Miami Herald


A frenzied group of sharks surrounded a fishing charter off Florida and began taking turns attacking its trolling motor, video shows.

It happened Monday, Feb. 26, about 20 miles east of Cape Canaveral, and the motor’s metal housing was left scarred with teeth impressions, according to Fin & Fly Fishing Charters guide Jamie Glasner. Cape Canaveral is about 55 miles east of Orlando.

“I’ve been doing this about 20 years, and I’ve never seen anything like it,” Glasner told McClatchy News.

“Maybe it has to do with the vibration, or with it being electric. I’m not sure. They definitely wanted to attack the trolling motor.”

Stranger still, the sharks were also attacking each other, video shows.

The chilling siege began when a New York angler aboard the boat tried reeling in a 12-pound red snapper.

It emerged half eaten and the surface soon began boiling with sharks, one of which jumped from the ocean to grab the snapper.

“Dude, they are attacking each other. They’re attacking the troller,” Glasner can be heard saying. “This is insane.”

One shark defiantly head-butted the motor, video shows.

A second video recorded minutes later shows the sharks eventually gave up, but continued to circle the boat. One clinched its teeth on a rope tied to the boat and held tight — until the rope snapped.
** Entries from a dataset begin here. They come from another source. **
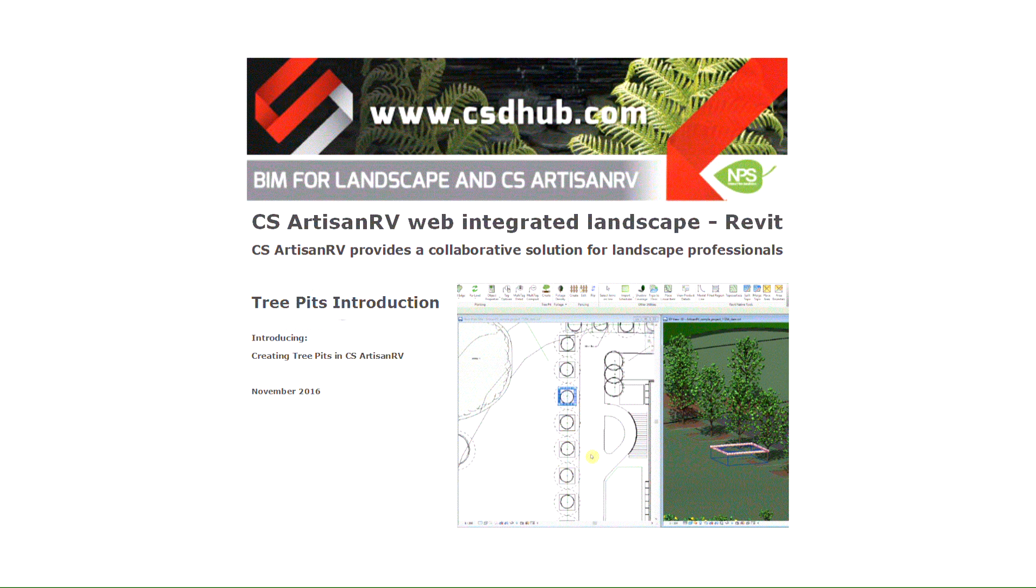This video introduces tree pits in CS Artisan RV, web-integrated landscape for Revit.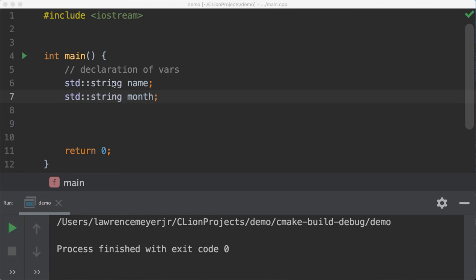Welcome back, and now we move on to the next data type which we've seen before, or we should have at least. It's the string data type, which is part of the standard library. As I said before, you can do some basic string stuff without including the string library, but that's just the way this is.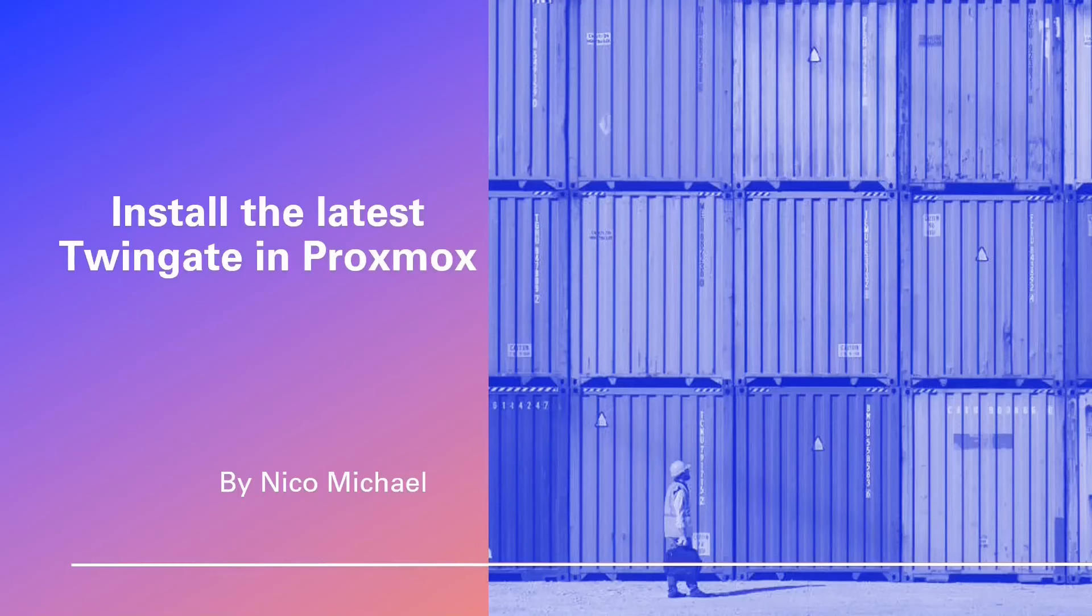Greetings! Get ready to embark on an extraordinary journey, exploring the world of TwinGate, to install in your Proxmox server.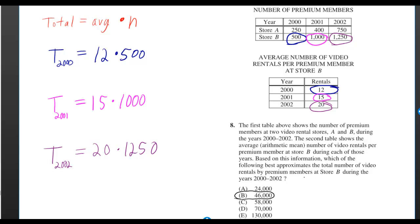If you add up all those totals, you get 46,000.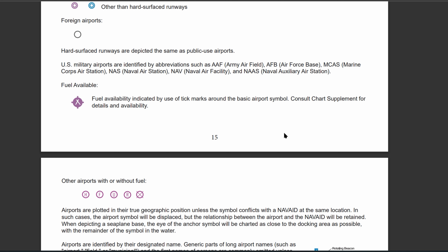You have AAF, which is the Army Airfield; AFB, which is Air Force Base; MCAS, which is Marine Corps Air Station; NAS, which is Naval Air Station; NAF, which is Naval Air Facility; and NAAS, which is the Naval Auxiliary Air Station.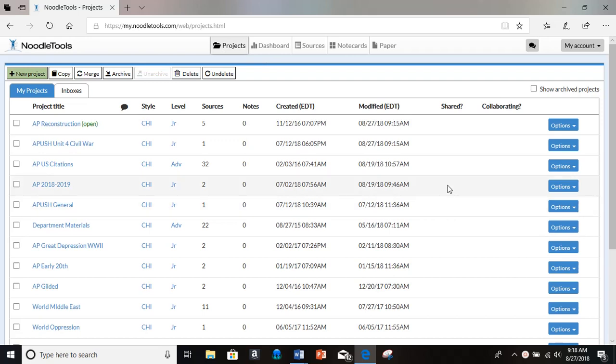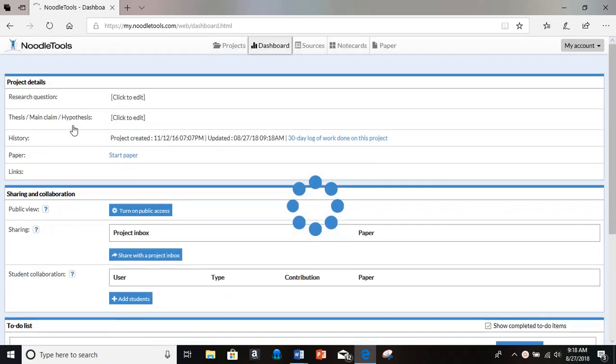So I'm going to pick a project here, Reconstruction, and to make a bibliography, I first have to go to my Sources.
They were sandbar sharks, Glasner said, and the red snapper was one of about a dozen catches eaten on the line that day.

“It’s normal for us to have fish eaten by sharks, but to see (one) jump out of the water when you’re pulling the fish up is not something we see,” he said.
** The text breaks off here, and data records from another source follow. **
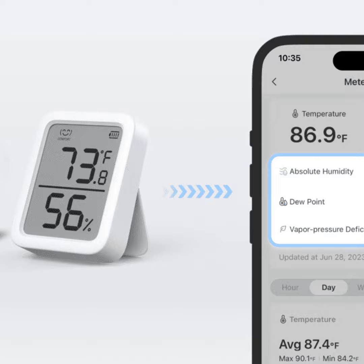Now don't let those fancy scientific terms scare you. I'm going to break this down in everyday language so it's easy to understand. Absolute humidity tells you the actual amount of moisture in the air, rather than relative humidity which is just a percentage. Knowing the grams of water per cubic meter gives a more accurate view of comfort.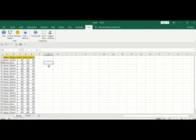If I do it manually, it will take time. So there is a function called COUNTIF. With the help of COUNTIF, we can directly get to know how many times Senju has been reflected in this table. So let's get started.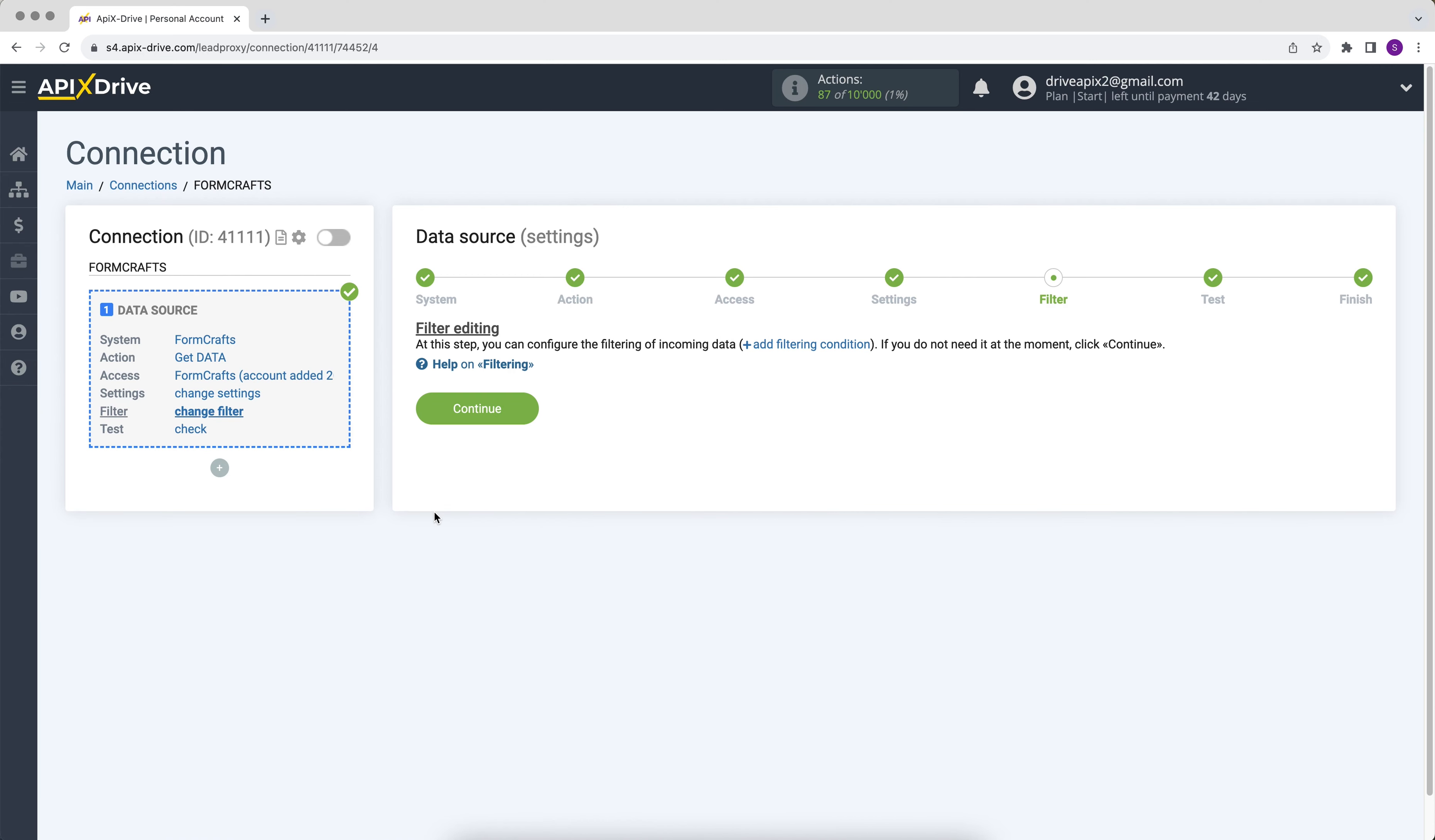At this stage, you can set up a data filter. In this case, there is no need for this, so just click continue.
“That frenzy on the surface was a first for me. It usually happens below the surface, out of sight. It was a first time for me to see that. It was jaw dropping. You definitely don’t want to drop in the water during that.”

Shark attacks on boat motors have been reported before off Florida.

It is suspected sharks may be “sensitive to low frequency sounds” created by boat engines, research shows.

“The sensitivity to low sound frequencies exhibited by sharks has been hypothesized as an adaptation to aid in detection of prey,” according to a 2021 study published in the journal Marine Environmental Research.

“Boat engine noise may therefore attract sharks to boats, particularly in cases where depredation on fishing lines has caused sharks to associate boat engine noise with the availability of hooked fish.”

Sandbar sharks grow to about 8 feet in length and can reach 200 pounds, according to NOAA Fisheries.

They live along the ocean floor in shallow coastal waters and are abundant off Cape Canaveral due to federal protections that prevent charter boats from harvesting the species, Glasner said.